[TASK INPUTS]:
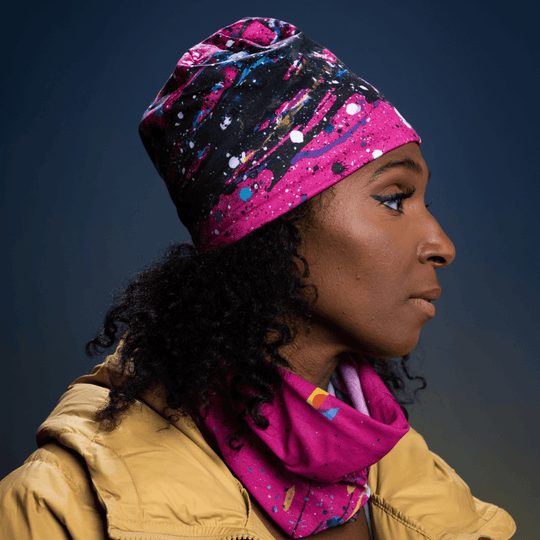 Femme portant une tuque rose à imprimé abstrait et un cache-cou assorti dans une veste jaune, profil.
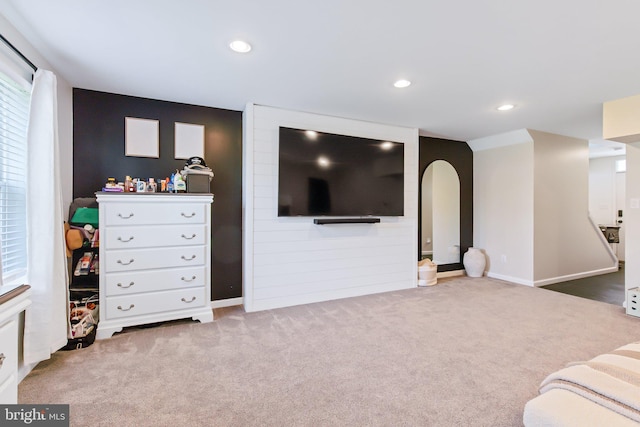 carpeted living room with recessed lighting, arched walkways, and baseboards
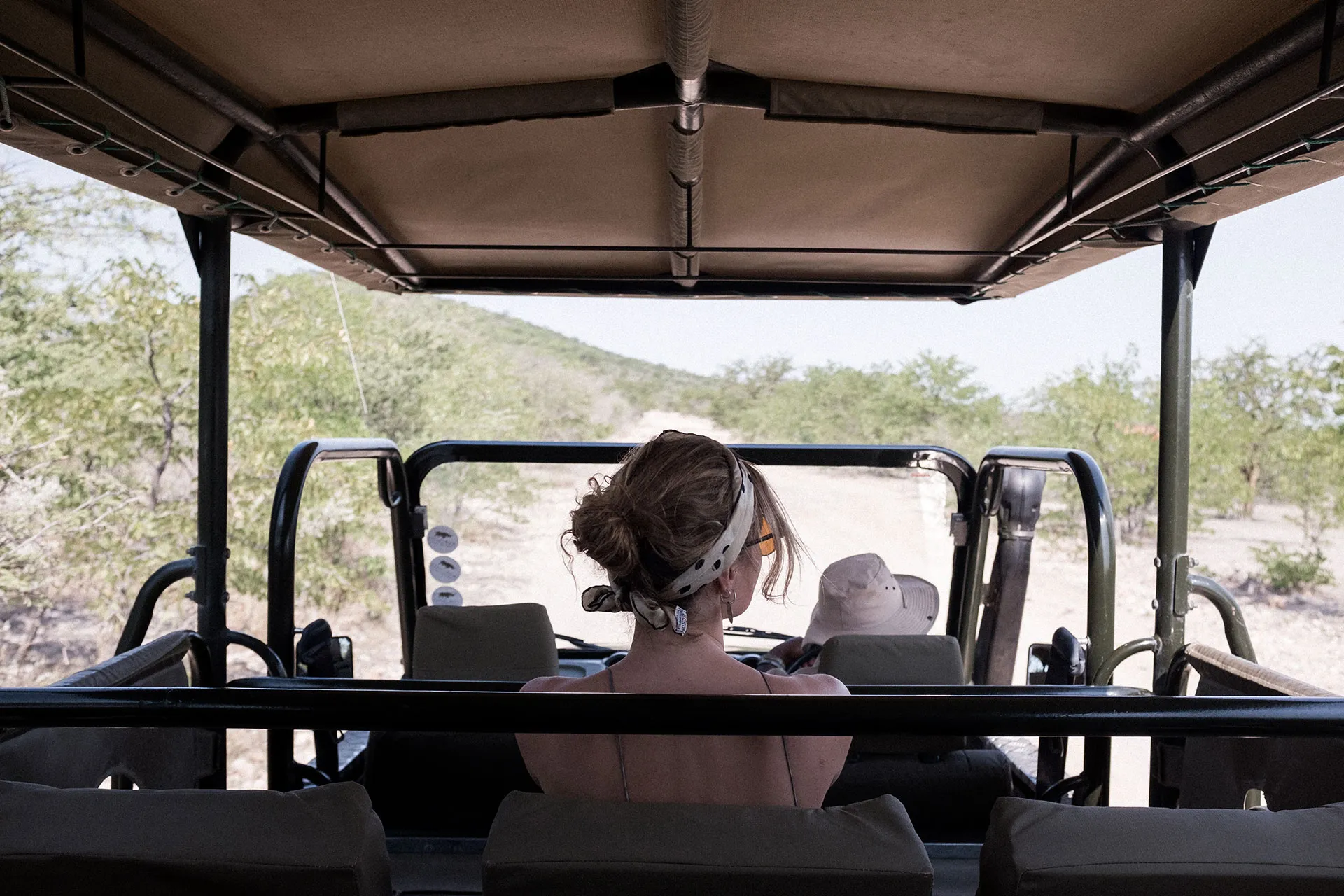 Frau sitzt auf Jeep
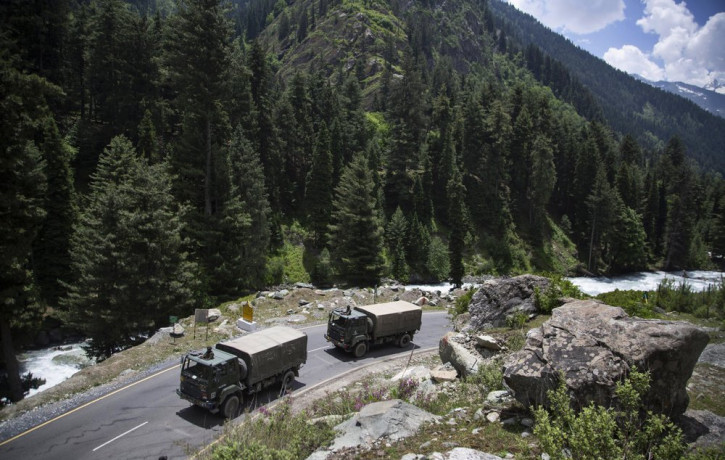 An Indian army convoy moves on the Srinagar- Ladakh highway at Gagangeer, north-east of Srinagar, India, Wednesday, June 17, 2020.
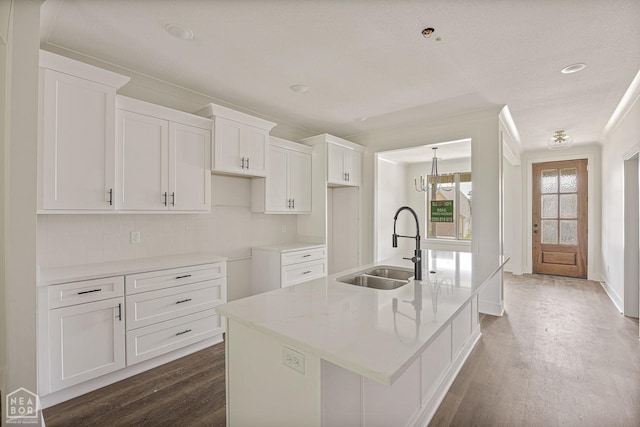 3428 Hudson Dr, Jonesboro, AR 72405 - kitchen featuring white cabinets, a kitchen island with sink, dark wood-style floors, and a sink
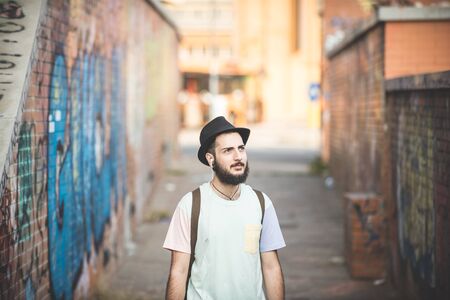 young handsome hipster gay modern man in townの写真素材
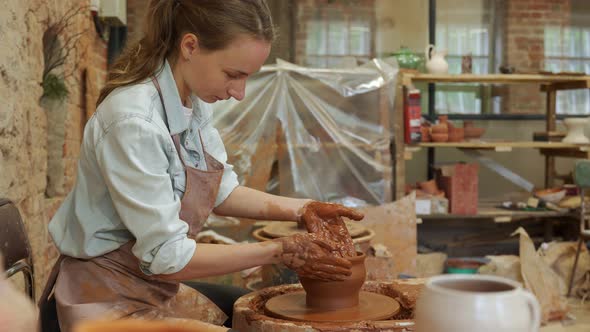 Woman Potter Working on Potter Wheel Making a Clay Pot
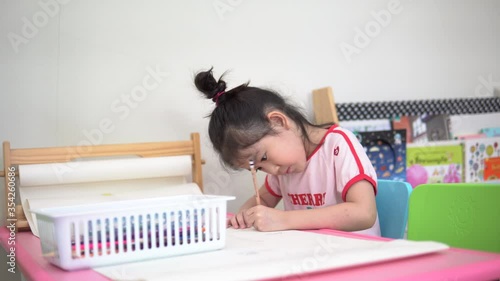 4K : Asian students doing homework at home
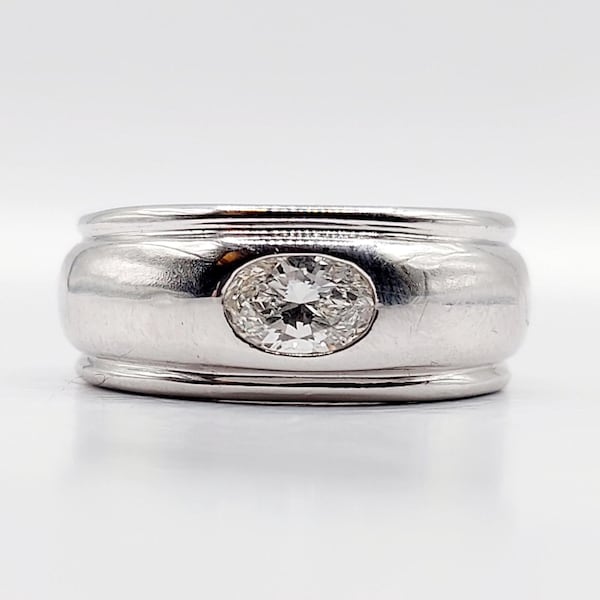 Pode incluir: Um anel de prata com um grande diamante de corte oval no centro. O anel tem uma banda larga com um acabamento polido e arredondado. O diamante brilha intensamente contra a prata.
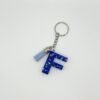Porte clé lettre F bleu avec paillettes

[AIM OF THE TASK]: Everything in the records above should be printed again exactly, except the pictures.

[RESULT FOR THIS EXERCISE]:
 Femme portant une tuque rose à imprimé abstrait et un cache-cou assorti dans une veste jaune, profil.
 carpeted living room with recessed lighting, arched walkways, and baseboards
 Frau sitzt auf Jeep
 An Indian army convoy moves on the Srinagar- Ladakh highway at Gagangeer, north-east of Srinagar, India, Wednesday, June 17, 2020.
 3428 Hudson Dr, Jonesboro, AR 72405 - kitchen featuring white cabinets, a kitchen island with sink, dark wood-style floors, and a sink
 young handsome hipster gay modern man in townの写真素材
 Woman Potter Working on Potter Wheel Making a Clay Pot
 4K : Asian students doing homework at home
 Pode incluir: Um anel de prata com um grande diamante de corte oval no centro. O anel tem uma banda larga com um acabamento polido e arredondado. O diamante brilha intensamente contra a prata.
Porte clé lettre F bleu avec paillettes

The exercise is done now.